American judge (born 1968)

David Steven Morales (born 1968) is a United States district judge of the United States District Court for the Southern District of Texas.

== Biography ==

Morales received a Bachelor of Business Administration from St. Edward's University and a Juris Doctor from St. Mary's University School of Law. After law school, Morales joined the Texas Attorney General's Office and worked there for 17 years, eventually being promoted to Deputy Attorney General for Civil Litigation and Deputy First Assistant Attorney General.
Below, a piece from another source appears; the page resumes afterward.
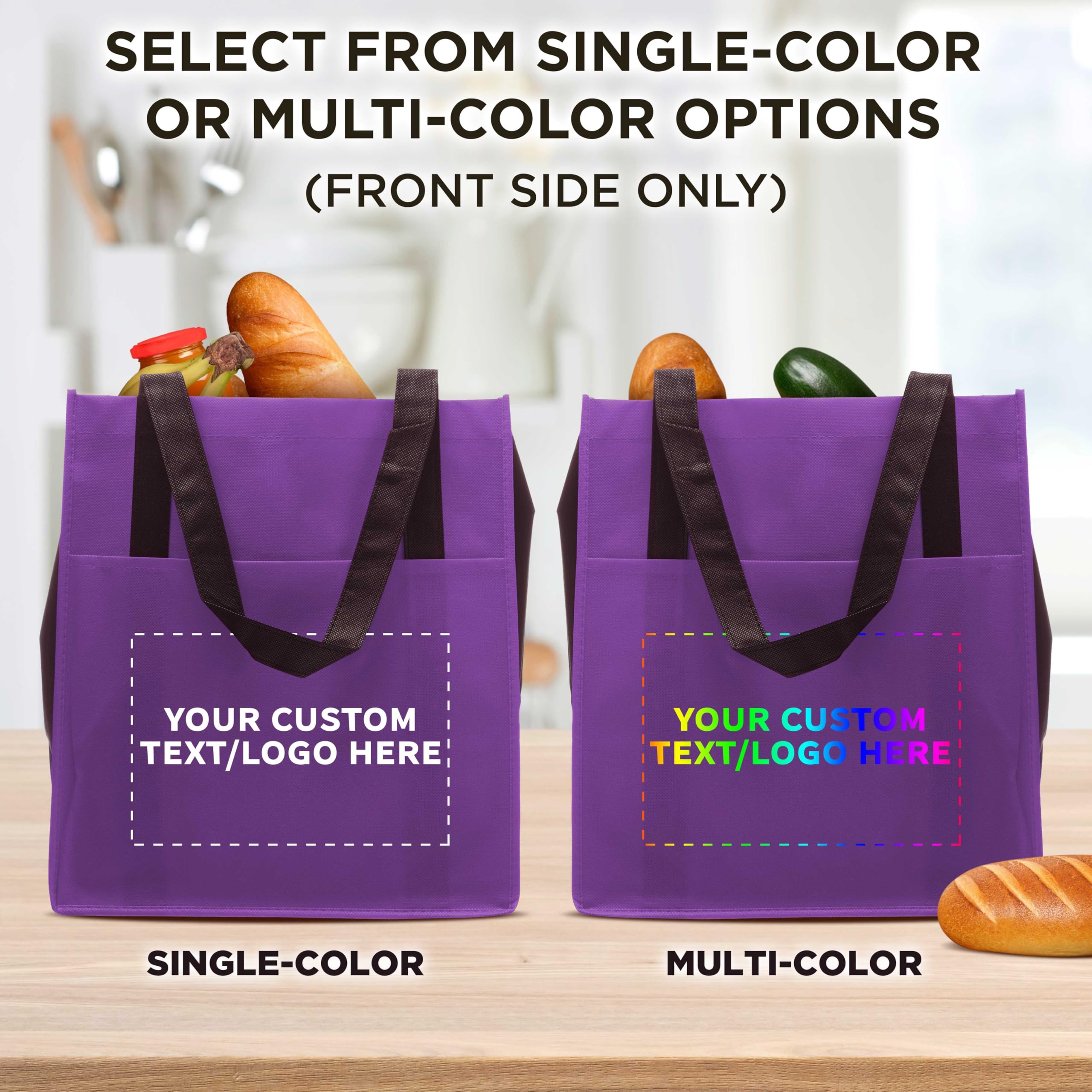 100 Pack Customizable Non-Woven Tote Bags with Front Pocket - Eco-Friendly Reusable Shopping Bags in Vibrant Purple Two-Tone (13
Later, he served as general counsel to Governor Rick Perry from 2011 to 2014. After that position, Morales was Deputy General Counsel to the University of Texas System Board of Regents. Immediately before becoming a judge, he was a partner at Kelly, Hart & Hallman, where he specialized in education and administrative law.

=== Federal judicial service ===

On April 10, 2018, President Donald Trump announced his intent to nominate Morales to serve as a United States District Judge of the United States District Court for the Southern District of Texas. On April 12, 2018, the nomination was sent to the Senate. He was nominated to the seat vacated by Judge Janis Graham Jack, who assumed senior status on June 1, 2011. On June 6, 2018, a hearing on his nomination was held before the Senate Judiciary Committee. On June 28, 2018, his nomination was reported out of committee by an 11–10 vote.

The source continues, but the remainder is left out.